I wonder about the all the photons lost in fiber optic installations. What happens to them in their short lives? There must be a creation and an extinction event.
A photon jumps into the glass fiber and travels until it encounters an opto-electric coupler where the photon craps out and is converted to an energized stream of electrons, or maybe it borrows the only real electron in the universe for an instant as it flips across the coupler to the next glass fiber where a new photon is born, only to flare out at the next junction.
My understanding is that photons don't have a life the way we do. They move at the speed of light and thus time does not advance for them. They cannot change between emission and absorption, no matter the distance. Always bends my mind to think about it.
Almost everything you said is correct. Photons do not have a reference frame, so time does not advance because for a photon there is no time coordinate system in the first place. It's not simply that photons don't experience time, it's that time and space don't exist for photons.
>They cannot change between emission and absorption, no matter the distance.
From the point of view of a photon, neither time or space exist. They have no reference frame at all. However, from an outside frame of reference that is travelling less than the speed of light, photons do change for example they get red shifted as they move through stronger gravitational fields.

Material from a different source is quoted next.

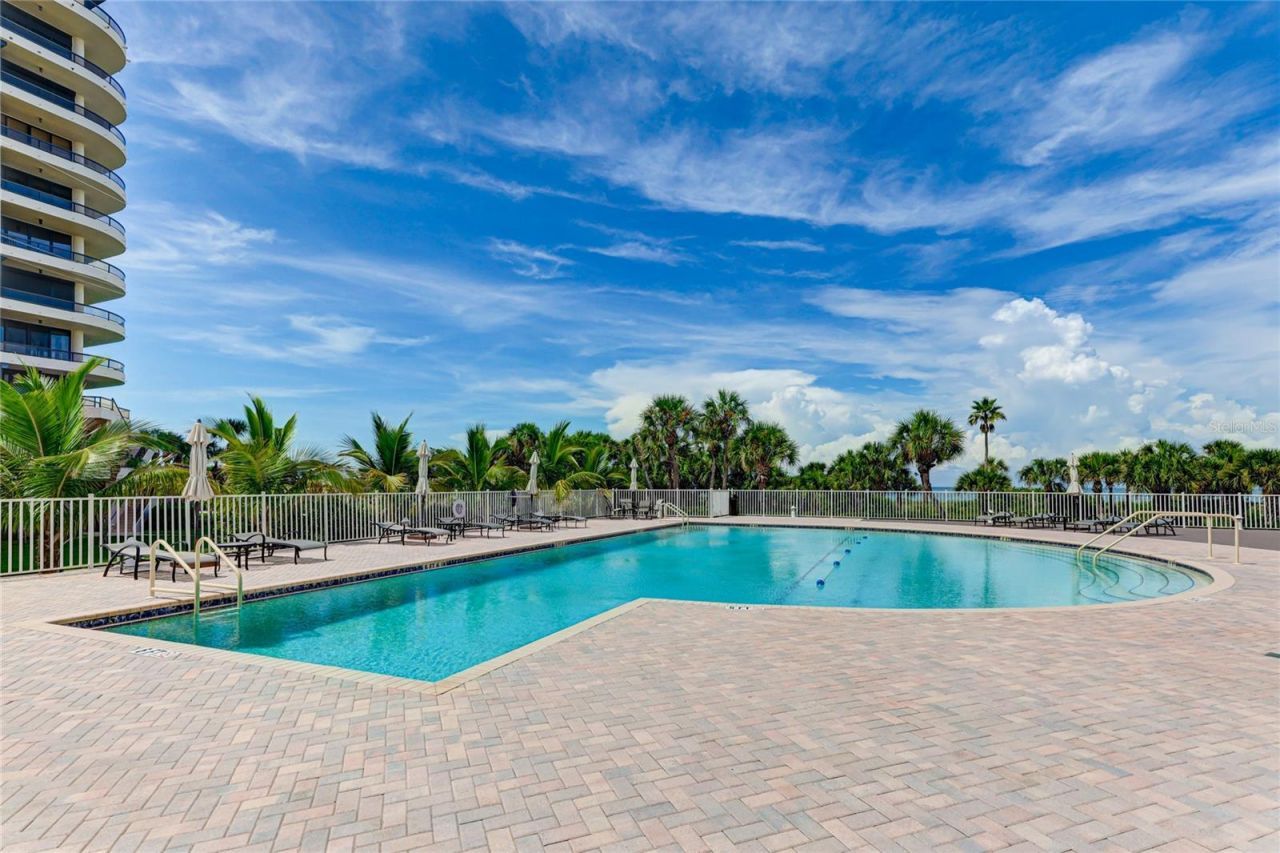455 Longboat Club Road, Unit PH8, Longboat Key, FL 34228 Photo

Not to quibble about definitions of what "change" means, but I thought the red shift depended entirely on the relative speed of the emitting and receiving body? A laser beam for example could not be analyzed for its red shift, unless we knew the original frequency, because there would be no spectral absorption pattern to determine the shift. So we cannot tell how far laser light traveled before it reached our sensor.
Not a quibble at all. The redshift I'm referring to is the kind of redshift due to gravity, as opposed what you're describing which is redshift due to the Doppler effect.

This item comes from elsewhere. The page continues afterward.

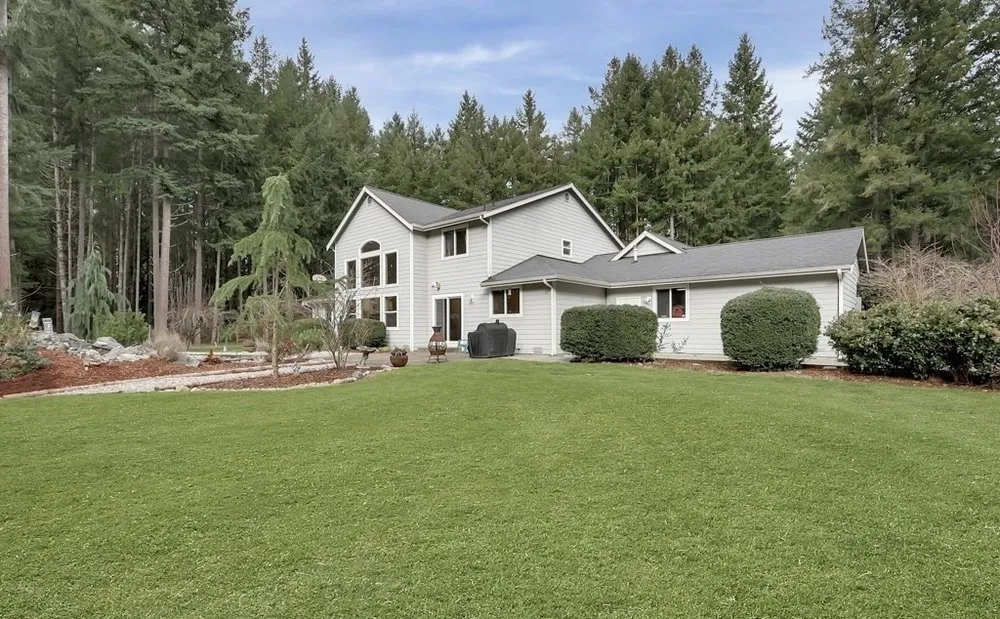 Local yard cleanup service for year-round maintenance in Jamestown, TN by Schell Landscaping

I'm trying to come up with a scenario to understand the difference: Say I have a triangle of emitter, receiver, and a large body, all at a fixed distance. And the receiver would see emitted light both directly and bent around the body. The bent light would be red shifted?
> They move at the speed of light and thus time does not advance for them.
Isn't it more accurate to say that photons move at the speed of causality, when the medium is a pure vacuum? Because in some other medium like glass, the speed of light is slower than the speed of causality.
So my follow-up question is: do slower photons (such as those propagating through a fiber-optic strand, or water) then experience the advancement of time?
There is no such thing as slow photons, photons always travel at the speed of light.
When light enters a medium there are two mostly (but not entirely) equal ways to think about what happens, one is to view light as a purely electromagnetic wave that interacts with atoms and causes the atoms to oscillate. This oscillation produces its own electromagnetic wave that interferes with the original wave. The result of this interference will be an electromagnetic wave with the same frequency, same amplitude, and travelling in the same direction as the incoming light but shifted backwards and it's that shift backwards that gives the appearance of light slowing down.
That explanation is pretty good and accounts for almost everything except for the latency of light through a medium.
If that's what you want to model, then it's better to think of light as made up of photons instead of being a wave, and then when photons enter a material they no longer exist as independent particles but through a process of absorption and reemission by electrons in the material become particles called polaritons. Polaritons do have mass and hence travel slower than the speed of light.
Neither of these explanations are perfect, but the full explanation is ridiculously complicated and there's no suitable metaphor for it. If you are interested in knowing the edge latency of light through a medium, then the polariton explanation is appropriate. If you want to know the "bandwidth" explanation of light through a medium, then the wave explanation is appropriate.